- DATA EXCERPTS:
------------------------

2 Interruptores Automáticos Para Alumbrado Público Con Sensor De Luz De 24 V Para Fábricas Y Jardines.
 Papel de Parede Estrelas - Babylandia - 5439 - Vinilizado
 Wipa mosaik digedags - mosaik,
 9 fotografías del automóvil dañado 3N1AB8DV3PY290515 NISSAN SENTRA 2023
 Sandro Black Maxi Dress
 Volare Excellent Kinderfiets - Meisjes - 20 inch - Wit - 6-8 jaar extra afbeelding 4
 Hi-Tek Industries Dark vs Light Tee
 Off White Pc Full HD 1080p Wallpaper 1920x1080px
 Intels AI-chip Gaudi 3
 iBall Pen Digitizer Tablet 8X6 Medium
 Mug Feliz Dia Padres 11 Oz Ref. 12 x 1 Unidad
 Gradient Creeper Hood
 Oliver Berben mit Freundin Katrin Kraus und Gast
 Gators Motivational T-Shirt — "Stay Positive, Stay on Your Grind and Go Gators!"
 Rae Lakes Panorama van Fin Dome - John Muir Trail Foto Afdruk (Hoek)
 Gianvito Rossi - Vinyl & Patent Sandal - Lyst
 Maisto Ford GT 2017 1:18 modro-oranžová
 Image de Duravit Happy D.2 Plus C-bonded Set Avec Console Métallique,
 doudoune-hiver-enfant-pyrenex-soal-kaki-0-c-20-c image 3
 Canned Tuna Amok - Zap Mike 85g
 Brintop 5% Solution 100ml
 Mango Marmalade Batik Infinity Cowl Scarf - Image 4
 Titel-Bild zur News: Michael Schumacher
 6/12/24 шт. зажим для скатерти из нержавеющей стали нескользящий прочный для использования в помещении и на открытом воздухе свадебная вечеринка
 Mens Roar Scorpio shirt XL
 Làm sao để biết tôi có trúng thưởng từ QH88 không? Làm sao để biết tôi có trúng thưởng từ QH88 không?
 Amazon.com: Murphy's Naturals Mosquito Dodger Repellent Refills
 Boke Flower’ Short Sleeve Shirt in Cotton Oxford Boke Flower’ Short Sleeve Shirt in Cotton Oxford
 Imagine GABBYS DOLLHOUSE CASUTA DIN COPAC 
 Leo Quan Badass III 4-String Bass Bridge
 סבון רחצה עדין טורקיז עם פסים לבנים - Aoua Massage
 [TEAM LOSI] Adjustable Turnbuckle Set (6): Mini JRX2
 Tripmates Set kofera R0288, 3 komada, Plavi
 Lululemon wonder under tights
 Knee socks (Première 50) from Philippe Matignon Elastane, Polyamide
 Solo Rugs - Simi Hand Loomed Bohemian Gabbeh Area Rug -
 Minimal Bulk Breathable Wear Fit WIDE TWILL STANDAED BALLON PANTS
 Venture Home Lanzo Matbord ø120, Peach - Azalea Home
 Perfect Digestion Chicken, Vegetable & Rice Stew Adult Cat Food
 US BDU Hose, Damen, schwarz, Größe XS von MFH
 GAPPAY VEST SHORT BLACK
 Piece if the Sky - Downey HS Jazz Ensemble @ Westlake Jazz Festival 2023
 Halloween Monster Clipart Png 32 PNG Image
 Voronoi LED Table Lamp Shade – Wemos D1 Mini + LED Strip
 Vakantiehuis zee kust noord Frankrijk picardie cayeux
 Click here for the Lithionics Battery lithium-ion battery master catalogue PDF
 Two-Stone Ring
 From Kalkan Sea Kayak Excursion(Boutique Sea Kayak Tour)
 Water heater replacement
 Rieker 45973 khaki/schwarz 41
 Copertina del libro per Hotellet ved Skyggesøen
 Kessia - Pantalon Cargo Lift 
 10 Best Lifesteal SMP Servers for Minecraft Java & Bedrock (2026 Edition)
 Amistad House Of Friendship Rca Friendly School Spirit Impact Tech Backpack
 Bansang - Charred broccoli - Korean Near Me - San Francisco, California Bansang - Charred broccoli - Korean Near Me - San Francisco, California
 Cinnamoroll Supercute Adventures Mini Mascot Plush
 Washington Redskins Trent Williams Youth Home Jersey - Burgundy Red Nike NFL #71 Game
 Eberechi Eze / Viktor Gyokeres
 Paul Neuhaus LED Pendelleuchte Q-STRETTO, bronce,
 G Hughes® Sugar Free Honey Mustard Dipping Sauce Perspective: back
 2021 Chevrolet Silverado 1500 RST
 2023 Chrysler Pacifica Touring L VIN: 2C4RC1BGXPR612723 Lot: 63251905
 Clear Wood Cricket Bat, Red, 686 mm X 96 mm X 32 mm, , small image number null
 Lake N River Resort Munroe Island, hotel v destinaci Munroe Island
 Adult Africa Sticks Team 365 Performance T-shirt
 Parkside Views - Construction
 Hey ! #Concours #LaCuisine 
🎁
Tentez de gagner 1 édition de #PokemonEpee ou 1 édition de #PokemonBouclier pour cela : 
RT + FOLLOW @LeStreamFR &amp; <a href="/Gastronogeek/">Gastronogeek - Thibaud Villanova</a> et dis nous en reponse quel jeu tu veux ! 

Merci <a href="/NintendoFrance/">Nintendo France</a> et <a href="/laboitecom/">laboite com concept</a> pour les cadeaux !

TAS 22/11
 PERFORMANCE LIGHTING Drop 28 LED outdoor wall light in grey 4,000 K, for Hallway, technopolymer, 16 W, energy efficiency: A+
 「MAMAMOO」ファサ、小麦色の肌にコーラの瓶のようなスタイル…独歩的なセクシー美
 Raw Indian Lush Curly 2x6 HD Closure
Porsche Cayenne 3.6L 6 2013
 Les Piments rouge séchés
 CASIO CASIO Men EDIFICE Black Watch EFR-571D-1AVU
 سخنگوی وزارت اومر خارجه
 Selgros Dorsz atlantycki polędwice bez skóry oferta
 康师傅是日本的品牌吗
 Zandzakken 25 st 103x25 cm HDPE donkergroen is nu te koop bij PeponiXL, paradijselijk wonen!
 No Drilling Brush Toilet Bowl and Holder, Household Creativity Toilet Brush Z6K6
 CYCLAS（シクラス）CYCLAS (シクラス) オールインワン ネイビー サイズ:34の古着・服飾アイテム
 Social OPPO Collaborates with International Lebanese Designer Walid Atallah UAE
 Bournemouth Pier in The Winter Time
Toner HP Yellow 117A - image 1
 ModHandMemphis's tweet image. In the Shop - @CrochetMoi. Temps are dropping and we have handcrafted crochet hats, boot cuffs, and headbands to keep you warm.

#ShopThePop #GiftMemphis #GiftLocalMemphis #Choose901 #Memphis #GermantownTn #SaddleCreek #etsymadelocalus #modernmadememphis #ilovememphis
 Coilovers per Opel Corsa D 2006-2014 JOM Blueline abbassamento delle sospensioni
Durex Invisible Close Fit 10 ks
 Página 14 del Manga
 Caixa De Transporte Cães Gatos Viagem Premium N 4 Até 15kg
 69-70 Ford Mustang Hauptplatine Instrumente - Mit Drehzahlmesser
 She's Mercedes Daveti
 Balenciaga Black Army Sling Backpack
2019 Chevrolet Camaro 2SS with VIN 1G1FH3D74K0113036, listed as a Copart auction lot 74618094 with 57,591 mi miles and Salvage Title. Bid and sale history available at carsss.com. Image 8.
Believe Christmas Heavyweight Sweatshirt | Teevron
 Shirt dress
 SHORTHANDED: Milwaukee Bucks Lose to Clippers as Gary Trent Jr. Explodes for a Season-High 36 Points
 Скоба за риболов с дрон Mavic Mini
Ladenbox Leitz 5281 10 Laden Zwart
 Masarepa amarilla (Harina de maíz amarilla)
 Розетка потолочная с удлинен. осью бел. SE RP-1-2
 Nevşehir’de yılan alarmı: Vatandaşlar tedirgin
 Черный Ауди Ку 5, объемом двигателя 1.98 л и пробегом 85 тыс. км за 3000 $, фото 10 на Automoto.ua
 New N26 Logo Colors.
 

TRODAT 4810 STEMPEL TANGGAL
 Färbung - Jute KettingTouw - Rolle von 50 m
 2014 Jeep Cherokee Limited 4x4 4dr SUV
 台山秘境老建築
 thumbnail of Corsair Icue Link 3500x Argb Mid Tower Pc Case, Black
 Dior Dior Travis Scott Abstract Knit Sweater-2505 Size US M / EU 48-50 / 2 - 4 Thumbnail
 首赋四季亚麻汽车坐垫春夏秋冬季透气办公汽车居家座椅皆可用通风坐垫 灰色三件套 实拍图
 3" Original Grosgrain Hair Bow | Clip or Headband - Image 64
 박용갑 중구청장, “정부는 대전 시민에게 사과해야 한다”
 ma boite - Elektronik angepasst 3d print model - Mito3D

------------------------

- TASK TO CARRY OUT: Among the lines above, find the one with "PERFORMANCE LIGHTING Drop" and the one with "سخنگوی وزارت اومر خارجه". Quote both and everything between them, exactly.

- SOLUTION TO THE EXERCISE:
 PERFORMANCE LIGHTING Drop 28 LED outdoor wall light in grey 4,000 K, for Hallway, technopolymer, 16 W, energy efficiency: A+
 「MAMAMOO」ファサ、小麦色の肌にコーラの瓶のようなスタイル…独歩的なセクシー美
 Raw Indian Lush Curly 2x6 HD Closure
Porsche Cayenne 3.6L 6 2013
 Les Piments rouge séchés
 CASIO CASIO Men EDIFICE Black Watch EFR-571D-1AVU
 سخنگوی وزارت اومر خارجه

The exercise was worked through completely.